Penetapan ini dilakukan setelah penyidik mengantongi alat bukti yang cukup dari hasil pemeriksaan puluhan saksi serta ratusan dokumen pendukung.
Kepala Kejari Magetan, Sabrul Iman, menegaskan bahwa proses penyidikan telah memenuhi unsur untuk menaikkan status enam orang menjadi tersangka.
“Berdasarkan hasil penyidikan dan alat bukti yang sah, kami menetapkan enam orang sebagai tersangka dalam perkara dugaan tindak pidana korupsi dana hibah Pokir DPRD,” ujar Sabrul Iman, Kamis (23/4/2026).

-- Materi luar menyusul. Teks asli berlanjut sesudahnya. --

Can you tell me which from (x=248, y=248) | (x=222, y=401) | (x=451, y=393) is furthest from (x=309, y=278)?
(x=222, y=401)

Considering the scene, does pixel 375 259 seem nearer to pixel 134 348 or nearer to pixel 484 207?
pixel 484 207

Selain SN, tersangka lainnya yakni JML dan JMT yang merupakan anggota DPRD, serta AN, TH, dan ST sebagai tenaga pendamping dewan.
Kasus ini berkaitan dengan pengelolaan dana hibah Pokir yang bersumber dari APBD Kabupaten Magetan. Dalam kurun waktu 2020 hingga 2024, total anggaran yang dialokasikan mencapai sekitar Rp335,8 miliar, dengan realisasi sekitar Rp242,9 miliar.

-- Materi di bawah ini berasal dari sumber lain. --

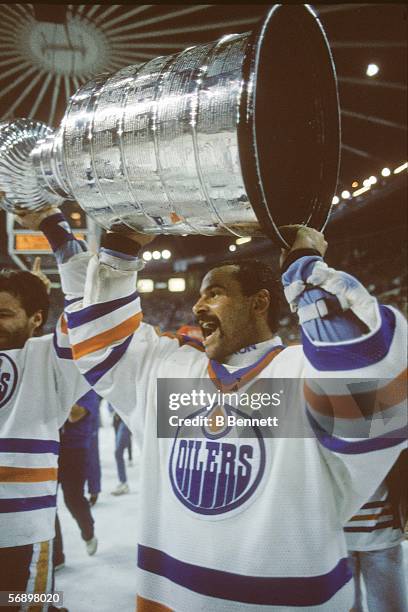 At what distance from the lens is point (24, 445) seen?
102 cm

Dari hasil penyidikan, ditemukan adanya dugaan penyimpangan yang dilakukan secara sistematis. Modusnya, para tersangka diduga menguasai seluruh tahapan hibah, mulai dari perencanaan hingga pencairan dana.
Tak hanya itu, kelompok penerima hibah disebut hanya sebagai formalitas administratif. Proposal hingga laporan pertanggungjawaban (LPJ) diduga telah dikondisikan sebelumnya. “Ditemukan praktik pemotongan dana hibah serta indikasi kegiatan fiktif yang tidak sesuai dengan kondisi di lapangan,” jelas Sabrul.
Usai ditetapkan sebagai tersangka, keenamnya langsung ditahan di Rutan Kelas IIB Magetan selama 20 hari ke depan, terhitung sejak 23 April hingga 12 Mei 2026.
Kejari Magetan berjanji akan terus mengembangkan perkara ini dan tidak menutup kemungkinan adanya tersangka baru dalam kasus yang merugikan keuangan negara tersebut.